[Start of Attachment]
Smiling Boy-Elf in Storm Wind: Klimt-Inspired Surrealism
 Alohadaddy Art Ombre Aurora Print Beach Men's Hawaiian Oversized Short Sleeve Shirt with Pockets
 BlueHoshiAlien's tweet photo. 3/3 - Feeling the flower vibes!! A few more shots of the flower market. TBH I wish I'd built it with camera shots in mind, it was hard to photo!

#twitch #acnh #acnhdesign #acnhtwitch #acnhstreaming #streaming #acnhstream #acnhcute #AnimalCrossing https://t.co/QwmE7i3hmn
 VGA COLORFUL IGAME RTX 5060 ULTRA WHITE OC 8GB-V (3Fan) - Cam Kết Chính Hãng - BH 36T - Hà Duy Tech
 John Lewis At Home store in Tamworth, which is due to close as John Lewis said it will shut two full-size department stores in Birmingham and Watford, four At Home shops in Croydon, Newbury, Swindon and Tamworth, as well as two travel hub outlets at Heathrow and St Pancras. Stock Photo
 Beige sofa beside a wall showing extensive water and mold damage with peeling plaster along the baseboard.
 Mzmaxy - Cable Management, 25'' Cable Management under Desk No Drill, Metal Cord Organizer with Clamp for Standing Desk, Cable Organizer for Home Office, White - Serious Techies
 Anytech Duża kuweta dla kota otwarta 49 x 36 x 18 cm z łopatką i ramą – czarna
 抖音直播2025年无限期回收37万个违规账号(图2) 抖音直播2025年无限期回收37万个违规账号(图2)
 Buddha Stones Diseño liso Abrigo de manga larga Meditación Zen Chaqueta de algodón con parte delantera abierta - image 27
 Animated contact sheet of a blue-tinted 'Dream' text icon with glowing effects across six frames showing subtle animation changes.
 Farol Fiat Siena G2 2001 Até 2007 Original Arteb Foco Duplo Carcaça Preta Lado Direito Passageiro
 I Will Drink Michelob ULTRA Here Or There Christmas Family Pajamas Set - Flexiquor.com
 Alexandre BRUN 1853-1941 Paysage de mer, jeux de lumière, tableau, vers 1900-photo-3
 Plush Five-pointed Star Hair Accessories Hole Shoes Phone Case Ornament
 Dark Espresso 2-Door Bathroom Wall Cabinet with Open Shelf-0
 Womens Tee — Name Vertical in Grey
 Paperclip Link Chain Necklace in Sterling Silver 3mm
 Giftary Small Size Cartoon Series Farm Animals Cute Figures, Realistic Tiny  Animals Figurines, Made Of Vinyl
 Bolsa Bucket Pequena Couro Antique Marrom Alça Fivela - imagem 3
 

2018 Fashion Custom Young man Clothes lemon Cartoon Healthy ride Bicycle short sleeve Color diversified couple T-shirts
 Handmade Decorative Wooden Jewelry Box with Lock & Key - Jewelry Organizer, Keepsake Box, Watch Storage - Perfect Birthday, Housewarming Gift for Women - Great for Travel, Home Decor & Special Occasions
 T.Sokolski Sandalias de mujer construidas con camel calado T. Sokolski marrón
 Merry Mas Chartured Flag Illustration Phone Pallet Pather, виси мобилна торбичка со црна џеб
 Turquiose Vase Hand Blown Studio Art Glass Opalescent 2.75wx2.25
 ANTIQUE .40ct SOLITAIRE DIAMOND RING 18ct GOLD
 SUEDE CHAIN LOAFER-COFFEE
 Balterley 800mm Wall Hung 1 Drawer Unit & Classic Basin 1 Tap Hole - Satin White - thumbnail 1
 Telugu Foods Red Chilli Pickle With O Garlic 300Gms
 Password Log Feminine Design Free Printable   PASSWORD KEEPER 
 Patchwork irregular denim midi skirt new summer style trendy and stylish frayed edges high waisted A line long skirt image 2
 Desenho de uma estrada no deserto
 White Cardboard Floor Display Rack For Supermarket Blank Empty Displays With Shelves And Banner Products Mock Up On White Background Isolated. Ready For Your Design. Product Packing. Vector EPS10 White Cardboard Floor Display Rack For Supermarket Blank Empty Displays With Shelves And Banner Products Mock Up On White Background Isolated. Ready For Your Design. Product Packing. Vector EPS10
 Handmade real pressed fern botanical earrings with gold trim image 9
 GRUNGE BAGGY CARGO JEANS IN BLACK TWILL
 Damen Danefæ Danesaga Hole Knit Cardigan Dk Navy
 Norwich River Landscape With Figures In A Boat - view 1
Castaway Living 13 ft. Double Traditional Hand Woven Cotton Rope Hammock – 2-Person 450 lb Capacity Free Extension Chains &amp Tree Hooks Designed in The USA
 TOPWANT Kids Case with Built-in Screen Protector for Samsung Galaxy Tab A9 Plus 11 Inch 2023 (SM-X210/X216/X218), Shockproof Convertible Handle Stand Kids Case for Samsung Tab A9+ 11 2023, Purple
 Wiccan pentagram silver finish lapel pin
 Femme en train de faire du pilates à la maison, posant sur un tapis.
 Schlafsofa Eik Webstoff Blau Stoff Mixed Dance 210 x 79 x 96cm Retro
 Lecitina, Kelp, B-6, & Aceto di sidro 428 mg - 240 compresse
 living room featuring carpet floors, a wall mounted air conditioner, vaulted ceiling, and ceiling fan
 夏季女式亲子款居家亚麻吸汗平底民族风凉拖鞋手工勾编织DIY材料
[End of Attachment]
What is required:
From the listing above, repeat exactly the lines starting at the line that includes "BlueHoshiAlien's tweet photo." and ending at the line that includes "Bolsa Bucket Pequena", with nothing outside that span.

Solution to the problem:
 BlueHoshiAlien's tweet photo. 3/3 - Feeling the flower vibes!! A few more shots of the flower market. TBH I wish I'd built it with camera shots in mind, it was hard to photo!

#twitch #acnh #acnhdesign #acnhtwitch #acnhstreaming #streaming #acnhstream #acnhcute #AnimalCrossing https://t.co/QwmE7i3hmn
 VGA COLORFUL IGAME RTX 5060 ULTRA WHITE OC 8GB-V (3Fan) - Cam Kết Chính Hãng - BH 36T - Hà Duy Tech
 John Lewis At Home store in Tamworth, which is due to close as John Lewis said it will shut two full-size department stores in Birmingham and Watford, four At Home shops in Croydon, Newbury, Swindon and Tamworth, as well as two travel hub outlets at Heathrow and St Pancras. Stock Photo
 Beige sofa beside a wall showing extensive water and mold damage with peeling plaster along the baseboard.
 Mzmaxy - Cable Management, 25'' Cable Management under Desk No Drill, Metal Cord Organizer with Clamp for Standing Desk, Cable Organizer for Home Office, White - Serious Techies
 Anytech Duża kuweta dla kota otwarta 49 x 36 x 18 cm z łopatką i ramą – czarna
 抖音直播2025年无限期回收37万个违规账号(图2) 抖音直播2025年无限期回收37万个违规账号(图2)
 Buddha Stones Diseño liso Abrigo de manga larga Meditación Zen Chaqueta de algodón con parte delantera abierta - image 27
 Animated contact sheet of a blue-tinted 'Dream' text icon with glowing effects across six frames showing subtle animation changes.
 Farol Fiat Siena G2 2001 Até 2007 Original Arteb Foco Duplo Carcaça Preta Lado Direito Passageiro
 I Will Drink Michelob ULTRA Here Or There Christmas Family Pajamas Set - Flexiquor.com
 Alexandre BRUN 1853-1941 Paysage de mer, jeux de lumière, tableau, vers 1900-photo-3
 Plush Five-pointed Star Hair Accessories Hole Shoes Phone Case Ornament
 Dark Espresso 2-Door Bathroom Wall Cabinet with Open Shelf-0
 Womens Tee — Name Vertical in Grey
 Paperclip Link Chain Necklace in Sterling Silver 3mm
 Giftary Small Size Cartoon Series Farm Animals Cute Figures, Realistic Tiny  Animals Figurines, Made Of Vinyl
 Bolsa Bucket Pequena Couro Antique Marrom Alça Fivela - imagem 3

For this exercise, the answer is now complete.